> **Your task**
Take the entries below and retype them word for word, excluding the images.

Given data Start Marker

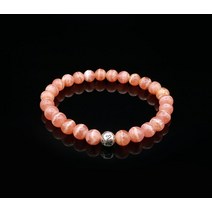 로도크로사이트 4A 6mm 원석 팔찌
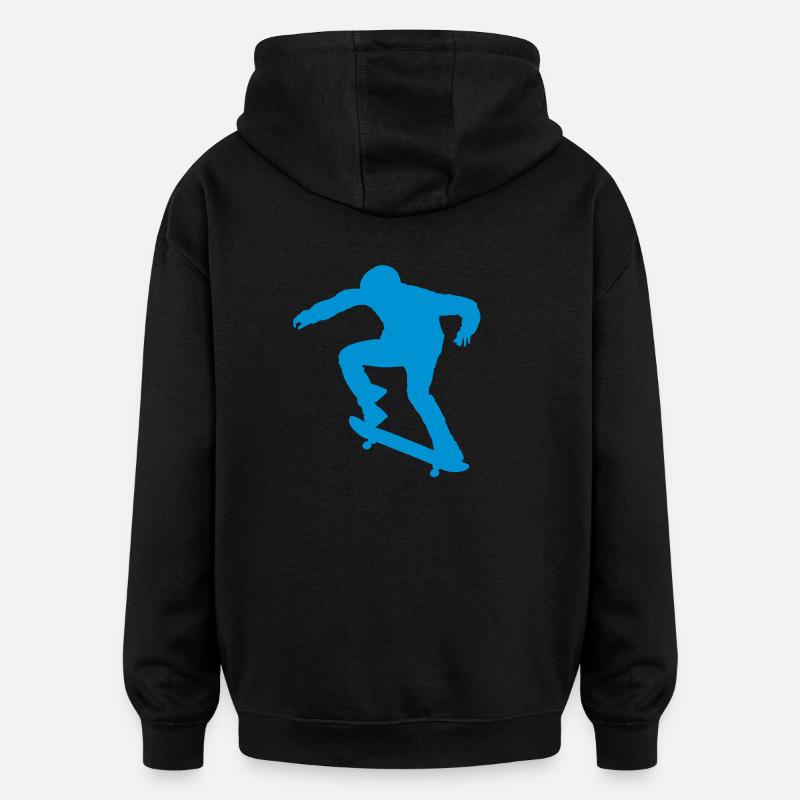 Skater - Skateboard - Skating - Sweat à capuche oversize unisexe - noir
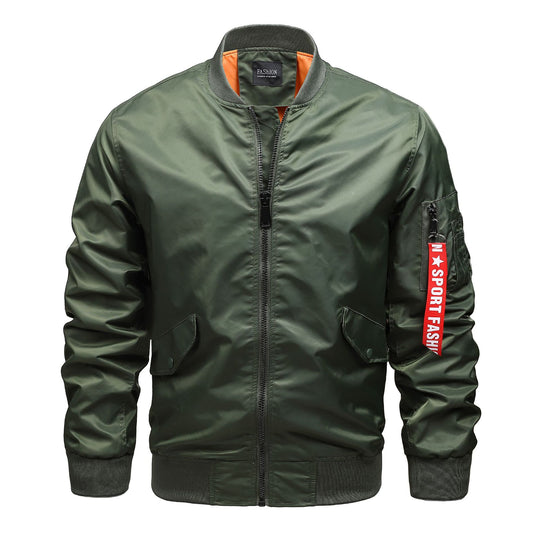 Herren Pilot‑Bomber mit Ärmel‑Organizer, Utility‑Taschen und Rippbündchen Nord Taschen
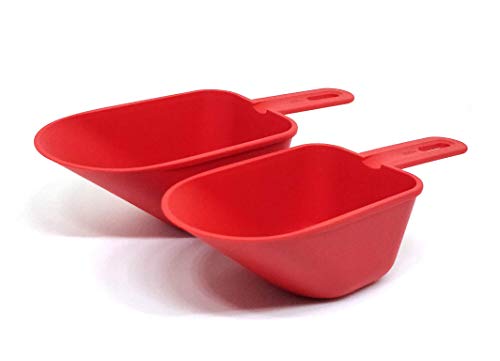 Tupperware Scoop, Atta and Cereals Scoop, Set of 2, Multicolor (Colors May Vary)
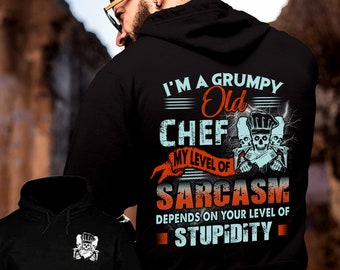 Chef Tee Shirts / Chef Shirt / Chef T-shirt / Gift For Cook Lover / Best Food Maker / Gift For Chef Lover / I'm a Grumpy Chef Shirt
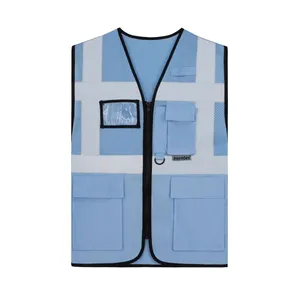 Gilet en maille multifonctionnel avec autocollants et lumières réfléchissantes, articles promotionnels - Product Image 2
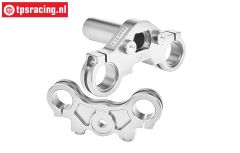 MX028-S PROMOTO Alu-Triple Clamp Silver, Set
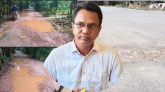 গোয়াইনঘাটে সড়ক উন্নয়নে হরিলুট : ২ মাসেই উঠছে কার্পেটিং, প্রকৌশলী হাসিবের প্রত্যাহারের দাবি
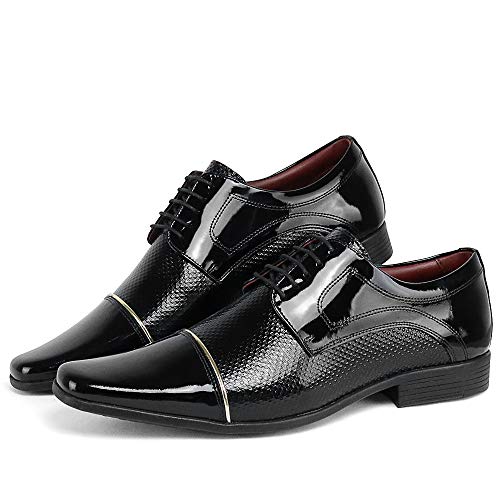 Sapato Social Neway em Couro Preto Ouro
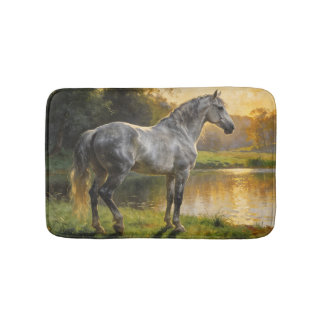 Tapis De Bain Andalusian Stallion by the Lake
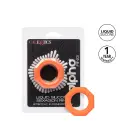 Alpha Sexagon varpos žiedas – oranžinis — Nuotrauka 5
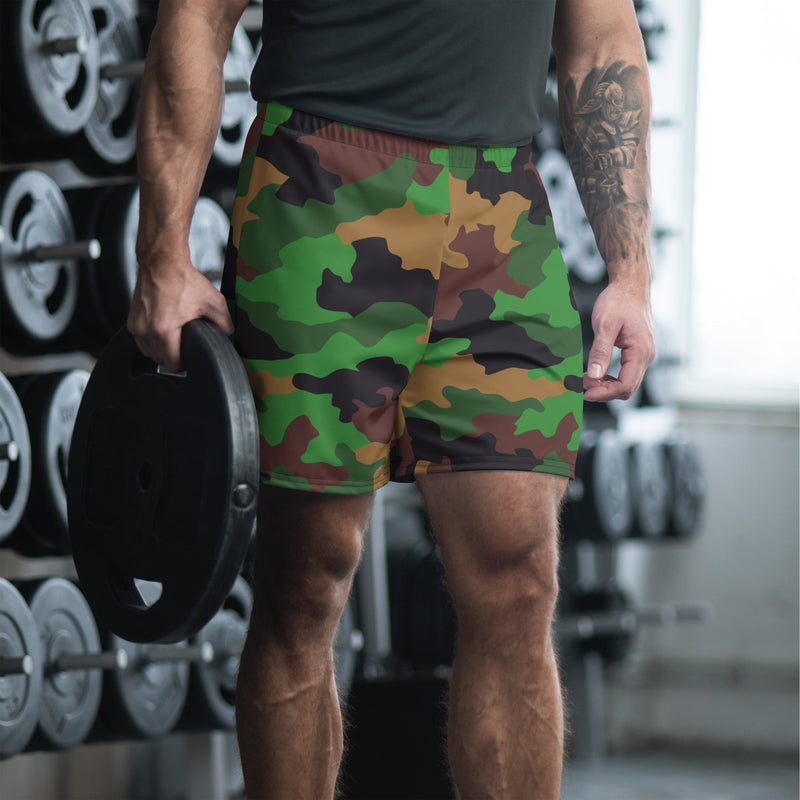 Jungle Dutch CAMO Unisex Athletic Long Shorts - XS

Given data End Marker

> **Your solution**
 로도크로사이트 4A 6mm 원석 팔찌
 Skater - Skateboard - Skating - Sweat à capuche oversize unisexe - noir
 Herren Pilot‑Bomber mit Ärmel‑Organizer, Utility‑Taschen und Rippbündchen Nord Taschen
 Tupperware Scoop, Atta and Cereals Scoop, Set of 2, Multicolor (Colors May Vary)
 Chef Tee Shirts / Chef Shirt / Chef T-shirt / Gift For Cook Lover / Best Food Maker / Gift For Chef Lover / I'm a Grumpy Chef Shirt
 Gilet en maille multifonctionnel avec autocollants et lumières réfléchissantes, articles promotionnels - Product Image 2
 MX028-S PROMOTO Alu-Triple Clamp Silver, Set
 গোয়াইনঘাটে সড়ক উন্নয়নে হরিলুট : ২ মাসেই উঠছে কার্পেটিং, প্রকৌশলী হাসিবের প্রত্যাহারের দাবি
 Sapato Social Neway em Couro Preto Ouro
 Tapis De Bain Andalusian Stallion by the Lake
 Alpha Sexagon varpos žiedas – oranžinis — Nuotrauka 5
 Jungle Dutch CAMO Unisex Athletic Long Shorts - XS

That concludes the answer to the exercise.